Christians: What do you think about these statements about Albert Einstein?
To set the stage here, consider the following quote from Einstein: "The word god is for me nothing more than the expression and product of human weaknesses, the Bible a collection of honorable, but still primitive legends which are nevertheless pretty childish. No interpretation no matter how subtle can change this." He was a pantheist and often said that he was religious in the sense of the awe he had for the universe, but found the idea of a personal God naive.
Now note what two Christians had to say to him about this.
A Roman Catholic lawyer told him: "In the past ten years nothing has been so calculated to make people think that Hitler had some reason to expel the Jews from Germany as your statement [criticizing the idea of a personal God]."

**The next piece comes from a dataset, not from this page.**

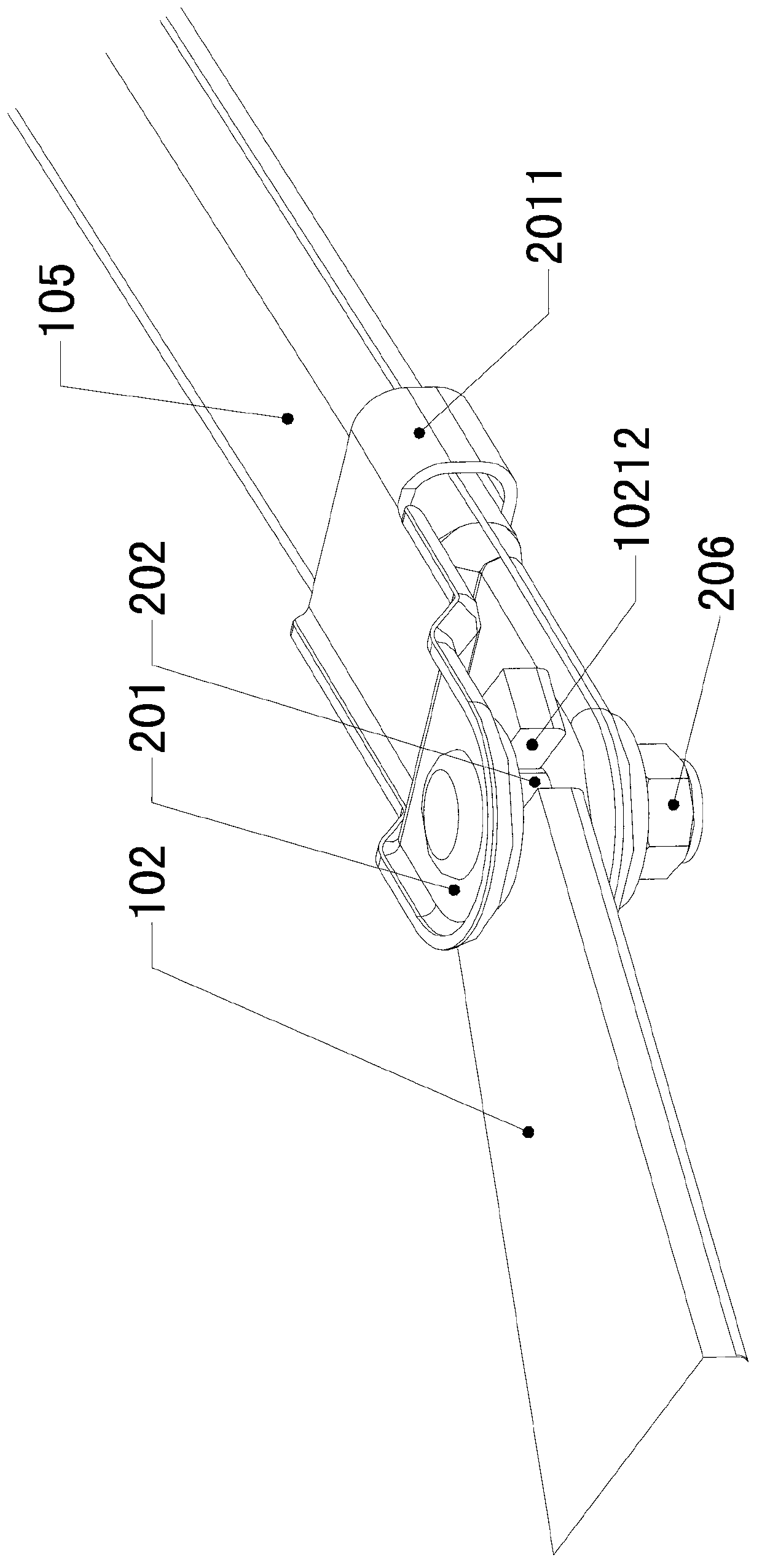 Locking mechanism, connecting mechanism, connecting assembly and working method of locking mechanism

The founder of the Calvary Tabernacle Association in Oklahoma said: "Professor Einstein, I believe that every Christian in America will answer you, 'We will not give up our belief in our God and his son Jesus Christ but we invite you, if you do not believe in the God of the people of his nation, to go back where you came from.' [...] Professor Einstein, every Christian in America will immediately reply to you, 'Take your crazy, fallacious theory of evolution and go back to Germany where you came from, or stop trying to break down the faith of a people who gave you a welcome when you were forced to flee your native land.'"

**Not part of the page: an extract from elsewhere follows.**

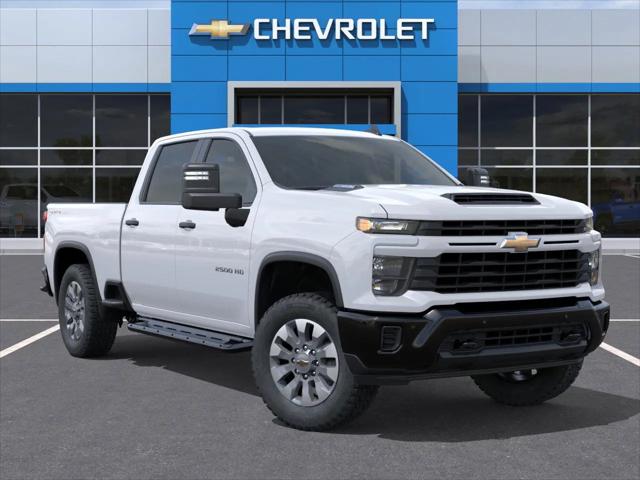 2026 Chevrolet Silverado 2500HD Crew Cab, Standard Bed, WT, 4WD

Personally I was floored to hear this from two followers of the man who encouraged love and tolerance of all people. It seems to me that they are essentially saying "An ethnic Jew insulted my beliefs! I'll show him, I'll say the Holocaust was justified!" Even if they were in the right to condemn Einstein (which by the standards of Christ, they certainly were not), how can people like this sleep at night knowing they implicitly condone genocide as a lesser evil than blasphemy? How are people like this allowed to hold positions of respect in our society?
@adam: I didn't mean to imply they were. However, they weren't the first two people to ever say things along these lines and they won't be the last.
@Hope is certainty: I didn't fall to the floor; I was floored, as in, taken aback, baffled, etc. I do think my jaw literally dropped though.
@Random Man86: I can understand that, but I don't think the anti-Semitic comments were at all merited. The first one blatantly implies that a single person's actions can make it acceptable to expel their entire ethnic group from your country (should we ban Germans from entering America because of Hitler?). The second one tells him to go back to Germany, which effectively would have been a death sentence for him. Both carry the ultimate implication that Einstein's blasphemous statement merited the treatment that Hitler gave to Jews.
@imacatholic2: I don't mean to imply that these statements somehow condemn all Christians by association with these two. I have been on t
@imacatholic2: For some reason Y!A chopped off the end of my message to you. I was saying: "I don't mean to imply that these statements somehow condemn all Christians by association with these two. I have been on the receiving end of such sweeping generalizations too many times to make that error and I apologize if it came off like I was. I was just appalled to read this and wanted to see if R&S Christians would recognize it for as bad as it was or if they would try to defend it."
@ChildoftheKing: It's the principles behind what they said; the fact that they're dead now doesn't matter. And it's not as harmless as you make it out to be. As I said, both statements imply that Einstein deserved to be put through what Hitler did to the Jews because of his (relatively innocent) comments about God.